Very Male and Very White: State Supreme Courts at Odds With Demographics

MANHATTAN (CN) — State supreme courts remain overly represented by Caucasian men, New York University’s Brennan Center for Justice reported Thursday, saying nearly half of all high court benches have an all-white bench.

The study paints a picture of a state judiciary that is increasingly out of sync with state demographics.

While Caucasian men represented only 30% of the national population in 2018 but occupied 55% of the seats on state high courts in 2019, the study found. Meanwhile, men and women of color, as well as Caucasian women, represented their demographics less often than their national populations, with 22 states having no people of color at all on their high courts.

A scene from 2015 oral arguments at the Texas Supreme Court. Pictured from left on the bench are Justices Don Willett, Paul Green, Nathan Hecht and Eva Guzman. People of color accounted for just 11% of the court last year, and women accounted for 39%. (AP Photo/Eric Gay)(The Associated Press)

In the case of women in color, they represented about one-fifth of the U.S. population but filled only 7% of state supreme court seats in 2019, the study found.

The study found only six states with high courts made up of a greater number of people of color than their state population: California, Connecticut, Minnesota, North Carolina, Oregon and Washington.

A similar study by the Brennan Center in 2019 found similar makeup of state high court seats. In the last nine months, as people of color gained only half a percentage point.

Meanwhile state supreme courts have filled 14 of 19 openings, with half of the spots going to Caucasian men. Four Caucasian women, one African-American woman, and two Native American judges — one male, one female — made up the remainder of the filled seats.

The gender gap also remains relatively high, the study found, with women holding just over one-third of all state supreme courts despite representing more than half of the U.S. population.

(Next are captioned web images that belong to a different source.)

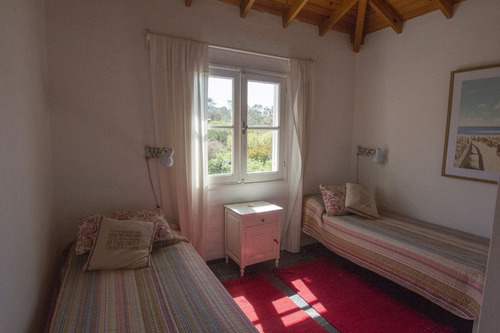 Casa En Venta De 3 Dormitorios En Montoya (ref: Est-387)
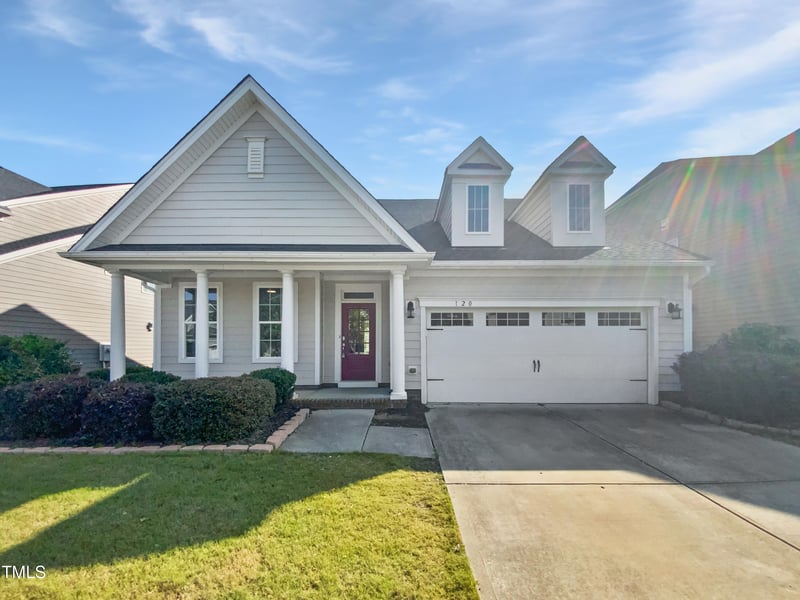 120 Martingale Dr, Holly Springs, NC 27540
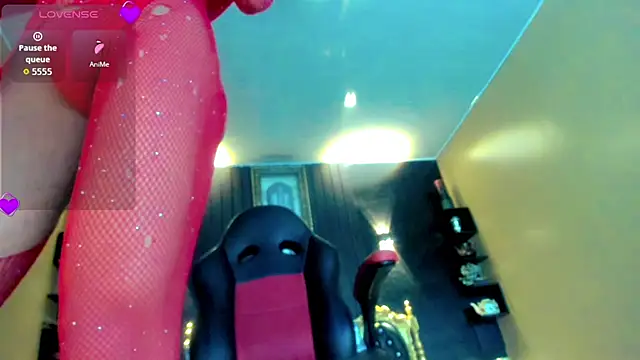 Natasha clifford online show from November 10, 7:13 pm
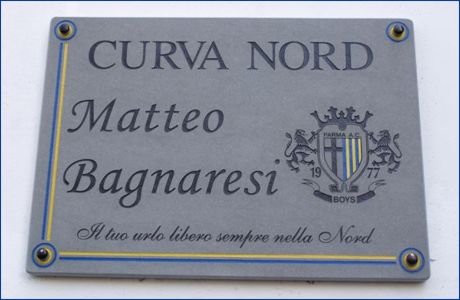 Curva Nord di Parma. La targa che intitola la Curva a Matteo Bagnaresi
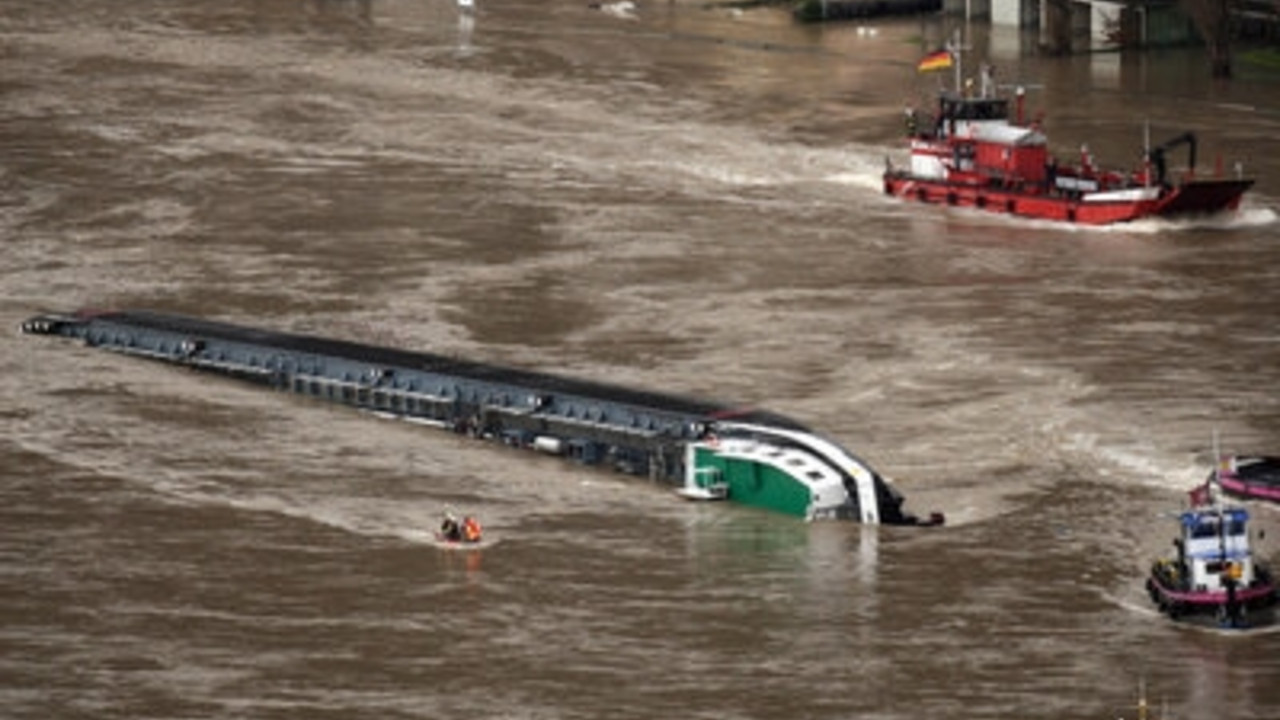 Gekenterter Tanker bei St. Goarshausen; Bild: dpa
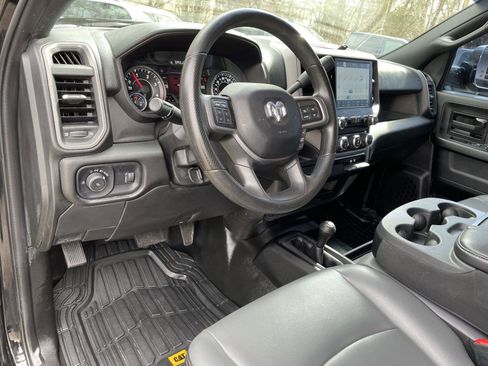 Used 2022 RAM 2500 Tradesman w/ Chrome Appearance Group image 13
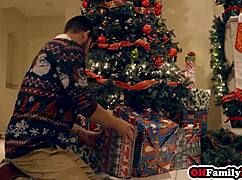 KENZIE REEVES RIDES DILDO THEN ANGEL'S MONSTER COCK IN CHRISTMAS THREESOME!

Caucasian women on the bench have a significant advantage over women of color, the study found, representing 29% of state high court seats versus just 7%, respectively.

Some states that have traditionally fared poorly have made some recent inroads: Delaware, for example, appointed its first African-American supreme court justice, Tamika Montgomery-Reeves, last month. Montgomery-Reeves is one of only two black female justices on any state high court.

Other states have further to go to match their population demographics. Florida currently has neither a female nor an African-American justice on its high court; its seven-member bench currently has two vacancies. One sitting Florida justices is a Hispanic man, while former Justice Barbara Lagoa — a Hispanic woman — was confirmed late last year to the 11th U.S. Circuit Court of Appeals

State courts also seem to lag behind federal courts in terms of diversity.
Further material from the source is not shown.